The attached patch makes BDB more robust against interrupts in various
places. It achieves this mainly by wrapping critical paths in
WITHOUT-INTERRUPTS and by registering cursors on the Lisp level
(and cleaning up any dangling ones when the txn ends).
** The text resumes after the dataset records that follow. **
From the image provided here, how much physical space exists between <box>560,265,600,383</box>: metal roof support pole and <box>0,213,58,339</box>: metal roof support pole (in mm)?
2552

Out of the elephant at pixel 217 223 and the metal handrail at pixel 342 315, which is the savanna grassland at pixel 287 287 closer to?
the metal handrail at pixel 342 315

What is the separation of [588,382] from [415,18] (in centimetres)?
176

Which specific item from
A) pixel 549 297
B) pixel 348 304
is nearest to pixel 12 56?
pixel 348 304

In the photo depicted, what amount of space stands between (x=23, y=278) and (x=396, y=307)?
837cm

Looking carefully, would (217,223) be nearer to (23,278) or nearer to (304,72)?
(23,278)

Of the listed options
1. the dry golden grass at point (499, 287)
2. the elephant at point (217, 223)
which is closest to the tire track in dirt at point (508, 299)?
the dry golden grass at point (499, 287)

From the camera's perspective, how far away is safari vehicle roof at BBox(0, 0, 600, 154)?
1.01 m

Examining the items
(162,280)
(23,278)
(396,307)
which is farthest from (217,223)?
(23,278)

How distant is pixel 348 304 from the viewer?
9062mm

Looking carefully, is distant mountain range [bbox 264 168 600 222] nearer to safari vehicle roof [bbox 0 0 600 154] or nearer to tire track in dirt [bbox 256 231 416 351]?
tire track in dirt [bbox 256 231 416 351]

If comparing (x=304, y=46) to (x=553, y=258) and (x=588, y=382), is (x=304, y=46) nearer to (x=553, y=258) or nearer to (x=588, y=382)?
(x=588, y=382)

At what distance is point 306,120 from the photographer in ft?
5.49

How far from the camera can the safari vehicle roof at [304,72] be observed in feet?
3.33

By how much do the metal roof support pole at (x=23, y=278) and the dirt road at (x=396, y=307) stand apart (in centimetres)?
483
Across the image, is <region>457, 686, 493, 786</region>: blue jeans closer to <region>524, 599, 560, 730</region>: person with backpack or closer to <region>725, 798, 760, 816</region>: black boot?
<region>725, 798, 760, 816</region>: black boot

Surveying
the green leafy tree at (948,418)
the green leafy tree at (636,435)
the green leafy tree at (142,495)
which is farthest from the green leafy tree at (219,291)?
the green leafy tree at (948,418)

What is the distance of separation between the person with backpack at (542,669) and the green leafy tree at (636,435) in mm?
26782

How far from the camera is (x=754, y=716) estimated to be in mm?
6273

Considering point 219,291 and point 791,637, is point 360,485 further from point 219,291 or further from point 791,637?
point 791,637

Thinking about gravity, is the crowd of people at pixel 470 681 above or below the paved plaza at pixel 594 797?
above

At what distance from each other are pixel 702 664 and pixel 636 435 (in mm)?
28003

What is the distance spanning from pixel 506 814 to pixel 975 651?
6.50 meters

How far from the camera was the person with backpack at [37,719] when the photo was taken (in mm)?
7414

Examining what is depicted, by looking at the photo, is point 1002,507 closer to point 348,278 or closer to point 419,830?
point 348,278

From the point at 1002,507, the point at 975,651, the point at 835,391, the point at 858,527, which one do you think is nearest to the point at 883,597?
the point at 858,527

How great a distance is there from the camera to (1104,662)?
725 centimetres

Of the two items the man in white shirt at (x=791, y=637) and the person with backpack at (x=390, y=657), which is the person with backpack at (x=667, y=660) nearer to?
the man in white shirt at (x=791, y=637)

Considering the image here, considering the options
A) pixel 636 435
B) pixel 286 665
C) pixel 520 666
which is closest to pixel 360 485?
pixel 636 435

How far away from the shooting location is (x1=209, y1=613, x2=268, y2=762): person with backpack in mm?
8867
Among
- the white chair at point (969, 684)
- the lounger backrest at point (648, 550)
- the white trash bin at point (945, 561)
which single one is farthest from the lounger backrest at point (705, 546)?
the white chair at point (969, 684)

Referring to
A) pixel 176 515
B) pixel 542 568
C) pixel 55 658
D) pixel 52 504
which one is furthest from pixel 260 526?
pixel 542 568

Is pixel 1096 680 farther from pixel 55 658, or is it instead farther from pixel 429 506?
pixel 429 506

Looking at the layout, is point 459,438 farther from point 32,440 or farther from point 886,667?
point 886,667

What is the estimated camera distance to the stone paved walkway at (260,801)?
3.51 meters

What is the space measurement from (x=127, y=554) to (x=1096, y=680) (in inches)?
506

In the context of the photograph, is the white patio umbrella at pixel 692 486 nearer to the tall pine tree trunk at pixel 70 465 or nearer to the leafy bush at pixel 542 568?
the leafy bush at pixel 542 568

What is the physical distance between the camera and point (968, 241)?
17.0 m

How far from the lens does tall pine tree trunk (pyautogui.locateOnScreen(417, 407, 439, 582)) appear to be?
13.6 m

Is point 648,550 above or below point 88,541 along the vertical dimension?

This is work in progress, although it passes the test suite.

  Leslie

-- 
http://www.linkedin.com/in/polzer
diff -rN -u old-elephant-1.0/src/db-bdb/bdb-collections.lisp new-elephant-1.0/src/db-bdb/bdb-collections.lisp
--- old-elephant-1.0/src/db-bdb/bdb-collections.lisp	2009-10-14 14:32:59.884710862 +0200
+++ new-elephant-1.0/src/db-bdb/bdb-collections.lisp	2009-10-14 14:32:59.918038222 +0200
@@ -282,18 +282,34 @@
   ((handle :accessor cursor-handle :initarg :handle))
   (:documentation "A cursor for traversing (primary) BDB-BTrees."))
 
+(defun register-transaction-cursor (sc txn cursor)
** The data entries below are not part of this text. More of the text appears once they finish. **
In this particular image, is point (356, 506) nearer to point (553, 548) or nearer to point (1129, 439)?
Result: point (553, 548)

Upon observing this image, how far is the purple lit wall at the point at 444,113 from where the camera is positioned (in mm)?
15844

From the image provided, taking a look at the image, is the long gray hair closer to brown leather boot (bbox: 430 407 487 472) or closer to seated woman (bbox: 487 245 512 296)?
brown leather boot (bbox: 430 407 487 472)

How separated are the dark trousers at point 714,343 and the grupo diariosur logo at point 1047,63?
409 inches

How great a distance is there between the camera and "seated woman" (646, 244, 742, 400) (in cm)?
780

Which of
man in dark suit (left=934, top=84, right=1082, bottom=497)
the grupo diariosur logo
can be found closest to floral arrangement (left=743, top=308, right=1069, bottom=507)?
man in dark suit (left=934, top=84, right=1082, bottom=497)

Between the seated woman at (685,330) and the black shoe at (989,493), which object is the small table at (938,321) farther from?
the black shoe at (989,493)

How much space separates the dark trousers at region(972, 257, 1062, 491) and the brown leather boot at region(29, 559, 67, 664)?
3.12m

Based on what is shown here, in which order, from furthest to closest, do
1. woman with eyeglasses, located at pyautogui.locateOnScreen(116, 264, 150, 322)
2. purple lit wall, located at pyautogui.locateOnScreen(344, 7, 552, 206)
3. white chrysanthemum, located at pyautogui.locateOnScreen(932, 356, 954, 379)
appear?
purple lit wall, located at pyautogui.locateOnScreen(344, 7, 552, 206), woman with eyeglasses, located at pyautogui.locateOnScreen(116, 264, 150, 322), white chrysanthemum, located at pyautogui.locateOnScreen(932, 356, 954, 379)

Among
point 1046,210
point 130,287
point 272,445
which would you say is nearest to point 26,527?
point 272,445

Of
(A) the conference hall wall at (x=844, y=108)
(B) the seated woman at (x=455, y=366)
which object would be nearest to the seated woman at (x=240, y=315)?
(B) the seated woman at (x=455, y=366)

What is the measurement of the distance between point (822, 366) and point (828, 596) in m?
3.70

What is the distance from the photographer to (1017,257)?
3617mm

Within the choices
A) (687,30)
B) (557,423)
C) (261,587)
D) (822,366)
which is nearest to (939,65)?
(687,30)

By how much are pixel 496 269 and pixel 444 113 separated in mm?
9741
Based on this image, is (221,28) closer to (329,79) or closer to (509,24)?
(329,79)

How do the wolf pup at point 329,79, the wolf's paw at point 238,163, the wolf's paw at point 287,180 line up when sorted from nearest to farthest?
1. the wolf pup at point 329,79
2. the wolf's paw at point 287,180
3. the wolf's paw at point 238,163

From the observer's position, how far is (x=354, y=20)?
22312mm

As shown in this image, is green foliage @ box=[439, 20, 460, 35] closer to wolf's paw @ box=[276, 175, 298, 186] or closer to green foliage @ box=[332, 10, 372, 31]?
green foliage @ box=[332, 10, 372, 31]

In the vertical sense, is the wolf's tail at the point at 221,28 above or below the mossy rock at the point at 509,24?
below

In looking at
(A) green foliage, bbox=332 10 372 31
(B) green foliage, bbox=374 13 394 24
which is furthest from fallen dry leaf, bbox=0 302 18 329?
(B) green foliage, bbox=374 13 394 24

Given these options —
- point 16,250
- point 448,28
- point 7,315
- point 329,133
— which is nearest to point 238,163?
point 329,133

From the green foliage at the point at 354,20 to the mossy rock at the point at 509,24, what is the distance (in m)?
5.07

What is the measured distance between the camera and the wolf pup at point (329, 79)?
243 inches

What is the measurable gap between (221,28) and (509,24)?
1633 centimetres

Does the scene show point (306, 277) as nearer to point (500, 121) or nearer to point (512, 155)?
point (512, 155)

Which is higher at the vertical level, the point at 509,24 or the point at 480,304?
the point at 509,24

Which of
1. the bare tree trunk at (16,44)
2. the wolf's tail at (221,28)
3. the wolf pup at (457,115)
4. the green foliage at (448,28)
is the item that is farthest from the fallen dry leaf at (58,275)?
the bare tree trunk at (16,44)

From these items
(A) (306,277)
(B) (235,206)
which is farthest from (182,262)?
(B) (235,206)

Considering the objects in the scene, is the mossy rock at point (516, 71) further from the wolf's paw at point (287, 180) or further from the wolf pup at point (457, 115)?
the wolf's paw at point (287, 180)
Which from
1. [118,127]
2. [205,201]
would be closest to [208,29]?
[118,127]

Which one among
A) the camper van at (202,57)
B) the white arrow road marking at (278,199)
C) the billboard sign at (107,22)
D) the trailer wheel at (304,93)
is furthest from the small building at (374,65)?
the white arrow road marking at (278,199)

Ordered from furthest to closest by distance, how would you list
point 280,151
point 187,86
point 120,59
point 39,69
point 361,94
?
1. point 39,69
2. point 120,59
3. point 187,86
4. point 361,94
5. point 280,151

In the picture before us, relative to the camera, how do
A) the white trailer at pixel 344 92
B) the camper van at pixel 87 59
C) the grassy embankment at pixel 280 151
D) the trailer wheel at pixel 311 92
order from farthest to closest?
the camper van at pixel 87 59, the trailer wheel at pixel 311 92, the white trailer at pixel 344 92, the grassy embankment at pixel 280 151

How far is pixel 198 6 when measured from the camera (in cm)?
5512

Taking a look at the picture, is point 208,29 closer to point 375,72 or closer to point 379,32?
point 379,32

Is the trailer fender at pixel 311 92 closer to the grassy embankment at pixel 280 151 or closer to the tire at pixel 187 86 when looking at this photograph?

+  (symbol-macrolet ((cursors (controller-transaction-cursors sc)))
+    (when (assoc txn cursors :test #'eq) ; might be called outside of an explicit txn
+      (push cursor (cdr (assoc txn cursors :test #'eq))))))
+
 (defmethod make-cursor ((bt bdb-btree))
   "Make a cursor from a btree."
-  (let ((sc (get-con bt)))
-    (make-instance 'bdb-cursor 
-		   :btree bt
-		   :handle (db-cursor (controller-btrees sc)
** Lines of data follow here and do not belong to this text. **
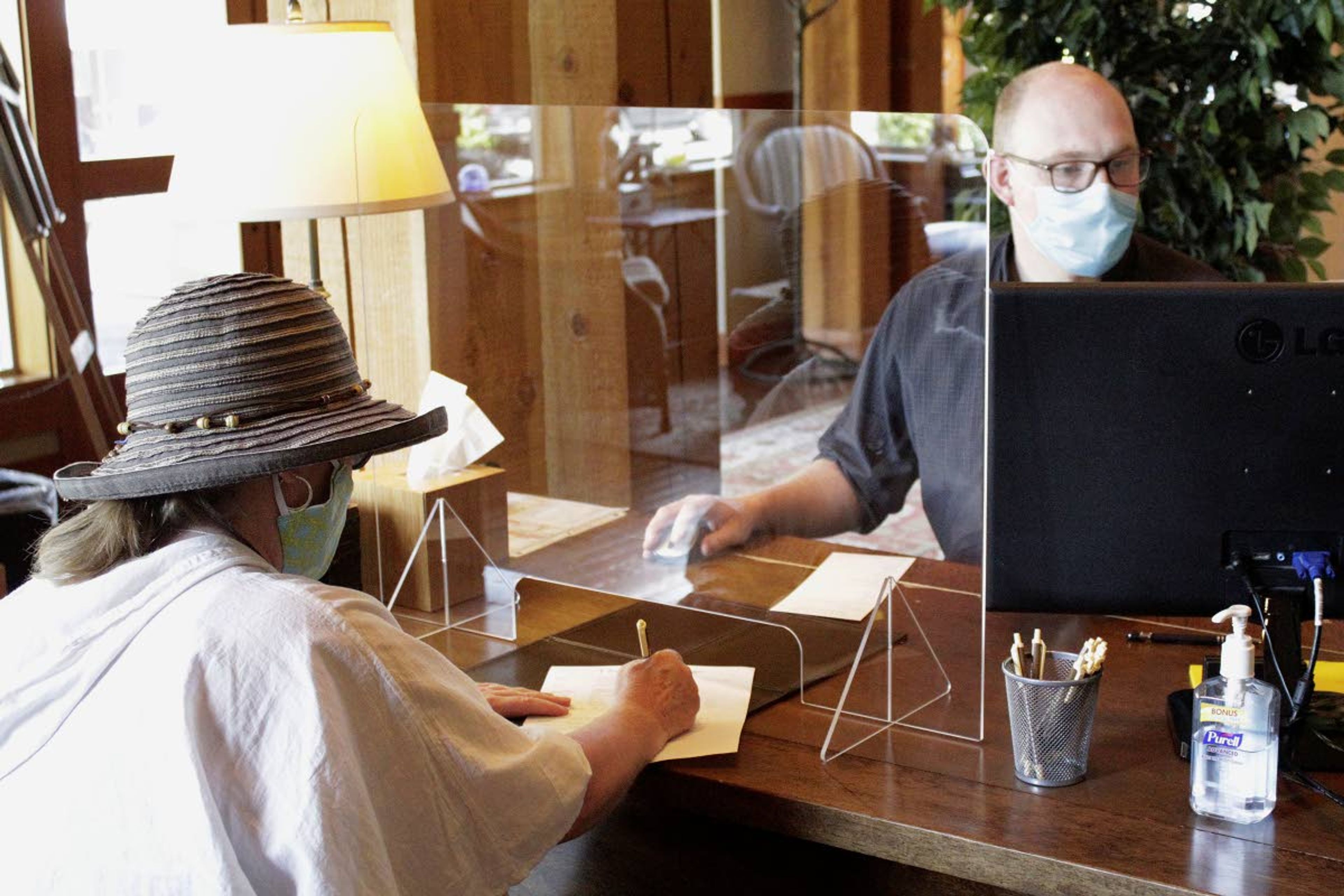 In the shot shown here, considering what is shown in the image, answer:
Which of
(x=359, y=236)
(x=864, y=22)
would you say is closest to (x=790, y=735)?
(x=359, y=236)

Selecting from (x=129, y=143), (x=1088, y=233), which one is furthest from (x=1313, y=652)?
(x=129, y=143)

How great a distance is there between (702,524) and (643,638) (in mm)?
193

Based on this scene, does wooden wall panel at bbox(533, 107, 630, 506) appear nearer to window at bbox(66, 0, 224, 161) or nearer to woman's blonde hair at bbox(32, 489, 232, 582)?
woman's blonde hair at bbox(32, 489, 232, 582)

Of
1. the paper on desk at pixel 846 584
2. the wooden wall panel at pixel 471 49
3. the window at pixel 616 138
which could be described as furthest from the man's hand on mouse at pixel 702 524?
the wooden wall panel at pixel 471 49

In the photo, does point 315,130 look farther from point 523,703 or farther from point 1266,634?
point 1266,634

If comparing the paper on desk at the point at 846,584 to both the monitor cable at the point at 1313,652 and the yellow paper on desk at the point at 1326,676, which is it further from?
the monitor cable at the point at 1313,652

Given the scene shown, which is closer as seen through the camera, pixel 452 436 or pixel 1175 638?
pixel 1175 638

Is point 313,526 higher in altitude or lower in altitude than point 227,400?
lower

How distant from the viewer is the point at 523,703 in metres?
1.58

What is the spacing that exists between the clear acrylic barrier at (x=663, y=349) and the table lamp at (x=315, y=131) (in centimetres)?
3

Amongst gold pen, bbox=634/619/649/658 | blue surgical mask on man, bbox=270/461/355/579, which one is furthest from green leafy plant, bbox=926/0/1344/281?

-				      :transaction (my-current-transaction sc))
-		   :oid (oid bt))))
+  (let* ((sc (get-con bt))
+         (txn (my-current-transaction sc))
+         cursor)
+    (without-interrupts
+      (setf cursor (make-instance 'bdb-cursor 
+                                  :btree bt
+                                  :handle (db-cursor (controller-btrees sc)
+                                                     :transaction txn)
+                                  :oid (oid bt)))
+      (register-transaction-cursor sc txn cursor))
+    cursor))
 
 (defmethod cursor-close ((cursor bdb-cursor))
-  (db-cursor-close (cursor-handle cursor))
-  (setf (cursor-initialized-p cursor) nil))
+  (let* ((sc (get-con (cursor-btree cursor)))
+         (txn (my-current-transaction sc)))
+    (without-interrupts
+      (db-cursor-close (cursor-handle cursor))
+      (symbol-macrolet ((cursors (controller-transaction-cursors sc)))
+        (setf (cdr (assoc txn cursors :test #'eq)) (remove cursor (cdr (assoc txn cursors :test #'eq)) :test #'eq)))
+      (setf (cursor-initialized-p cursor) nil)))
+  t)
 
 (defmethod cursor-duplicate ((cursor bdb-cursor))
   (make-instance (type-of cursor)
@@ -493,12 +509,17 @@
 
 (defmethod make-cursor ((bt bdb-btree-index))
   "Make a secondary-cursor from a secondary index."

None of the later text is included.